* _Task to carry out_: Leave out the pictures and print the records below exactly.

..........

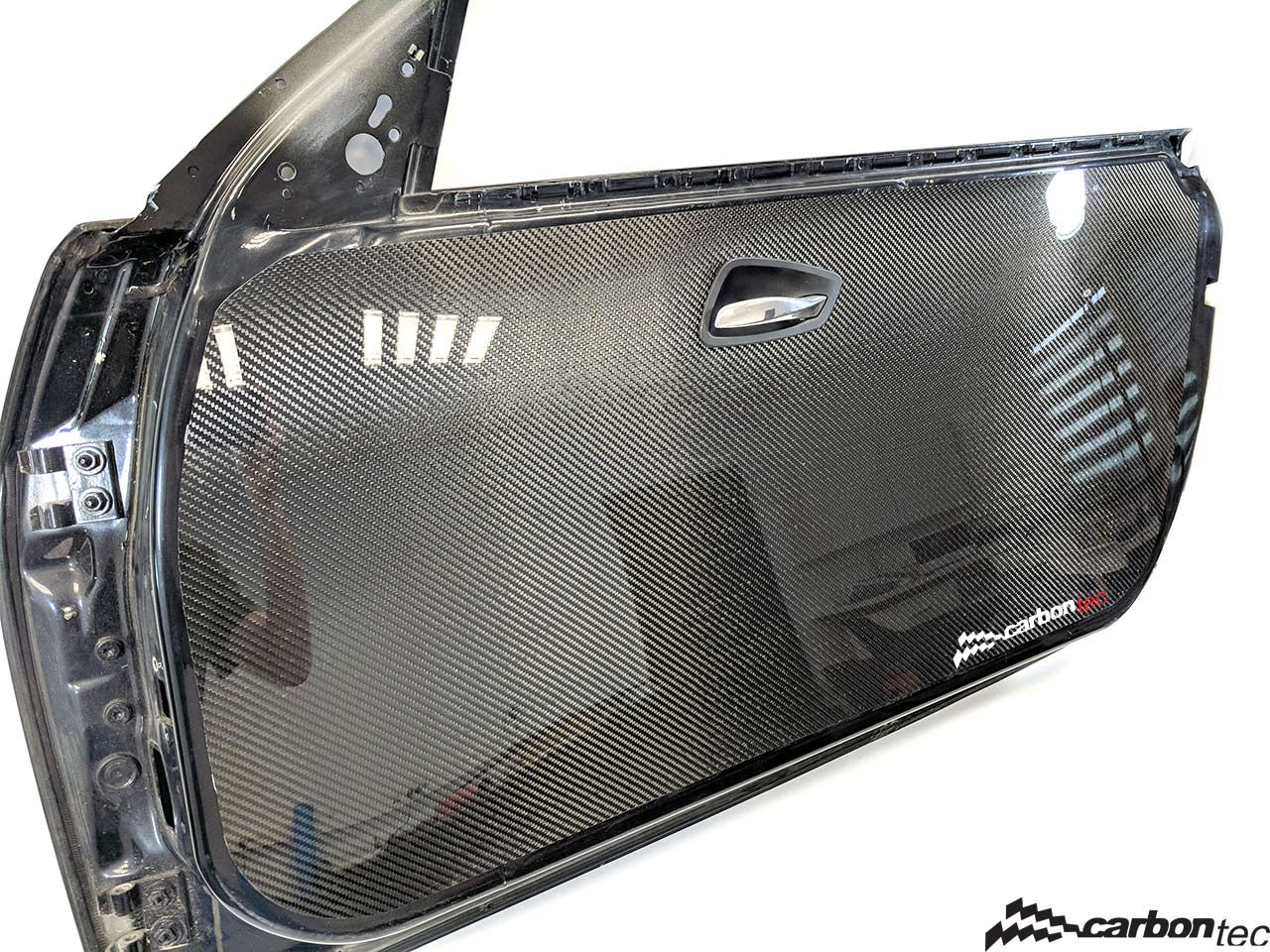 Paneles de Puerta Delanteros de Carbono para BMW E92 CARBONTEC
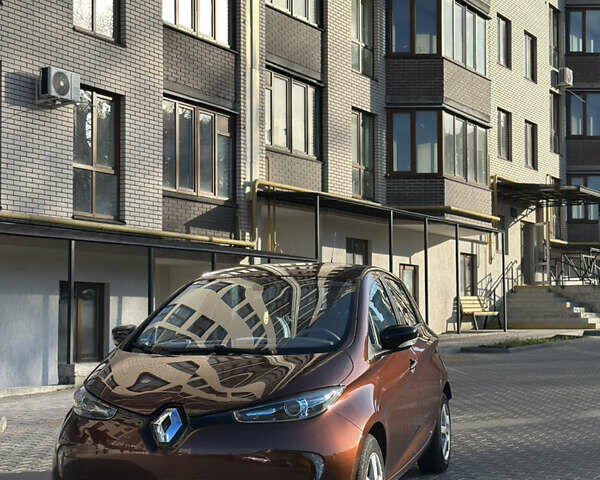 Коричневый Рено Зое, объемом двигателя 0 л и пробегом 55 тыс. км за 7700 $, фото 1 на Automoto.ua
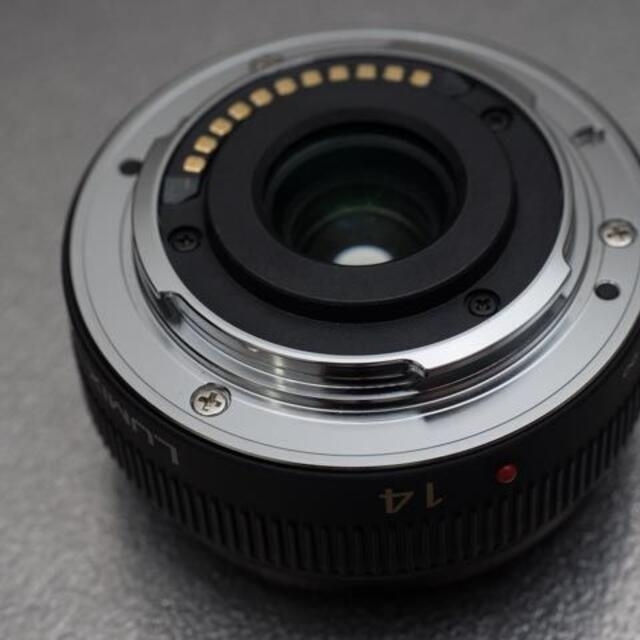 Panasonic(パナソニック)のパナソニック 単焦点レンズ LUMIX G 14mm F2.5 スマホ/家電/カメラのカメラ(レンズ(単焦点))の商品写真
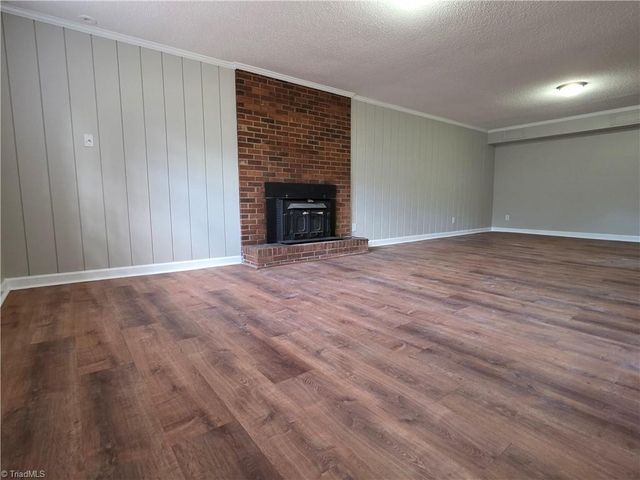 157 Woodbriar Road, Winston-salem, NC 27106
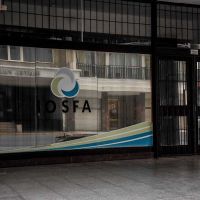 En medio de las denuncias de negocios libertarios con la salud, el Gobierno profundiza el vaciamiento de IOSFA, una obra social con 600 mil afiliados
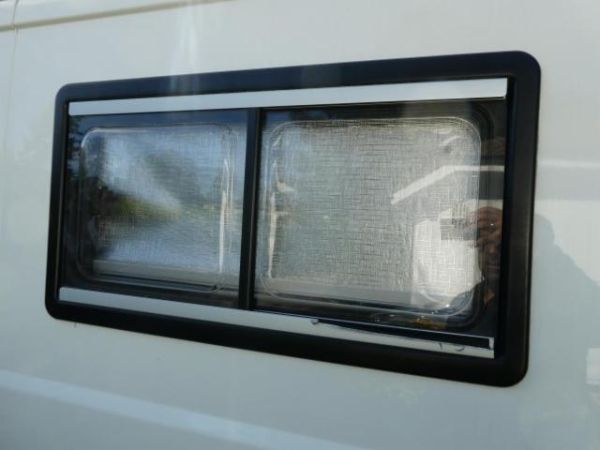 Peugeot 2.2 HDI 150 Active Boxer fourg. 335 L3H2 [SC]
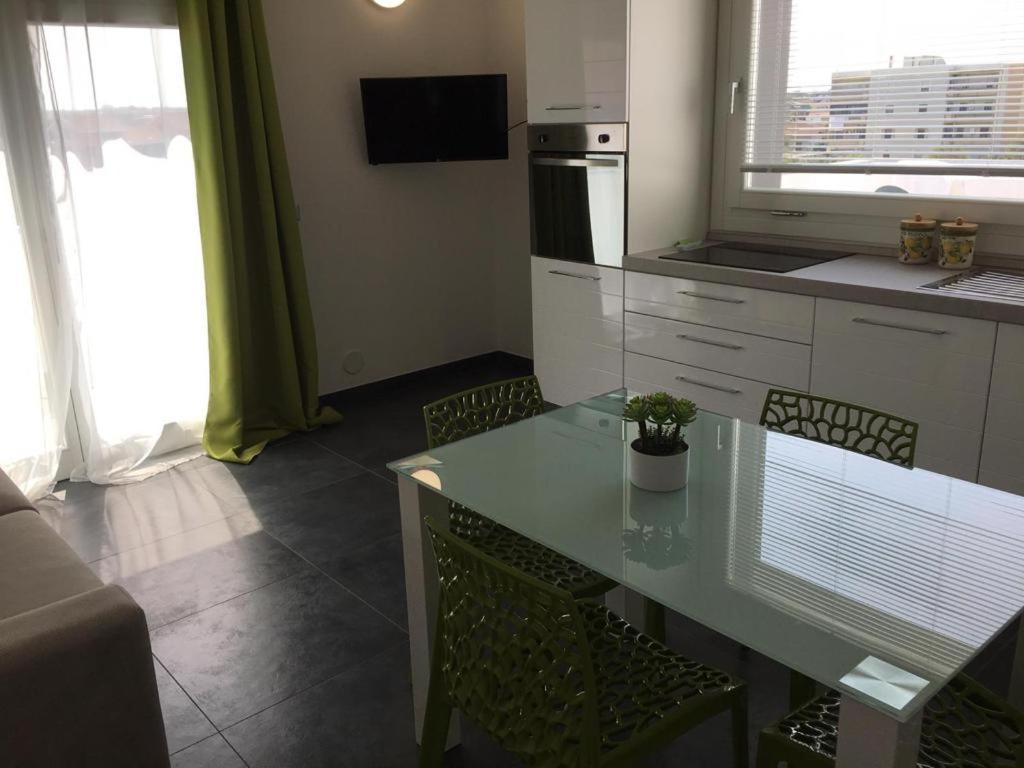Casa Vacanza Colors Porto Torres Eksteriør billede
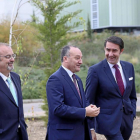Fernando Rey junto con Daniel Miguel, rector de la UVA, y Juan Carlos Suárez-Quiñones.-ICAL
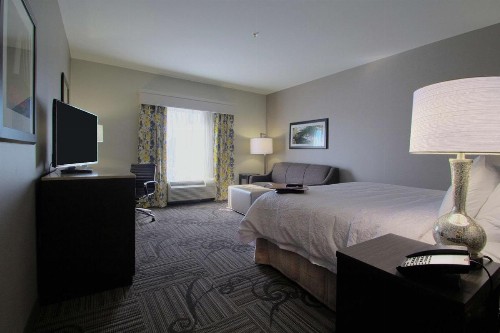 Hampton Inn & Suites Columbus/University Area - image 36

..........

* _Task response_:
 Paneles de Puerta Delanteros de Carbono para BMW E92 CARBONTEC
 Коричневый Рено Зое, объемом двигателя 0 л и пробегом 55 тыс. км за 7700 $, фото 1 на Automoto.ua
 Panasonic(パナソニック)のパナソニック 単焦点レンズ LUMIX G 14mm F2.5 スマホ/家電/カメラのカメラ(レンズ(単焦点))の商品写真
 157 Woodbriar Road, Winston-salem, NC 27106
 En medio de las denuncias de negocios libertarios con la salud, el Gobierno profundiza el vaciamiento de IOSFA, una obra social con 600 mil afiliados
 Peugeot 2.2 HDI 150 Active Boxer fourg. 335 L3H2 [SC]
Casa Vacanza Colors Porto Torres Eksteriør billede
Fernando Rey junto con Daniel Miguel, rector de la UVA, y Juan Carlos Suárez-Quiñones.-ICAL
 Hampton Inn & Suites Columbus/University Area - image 36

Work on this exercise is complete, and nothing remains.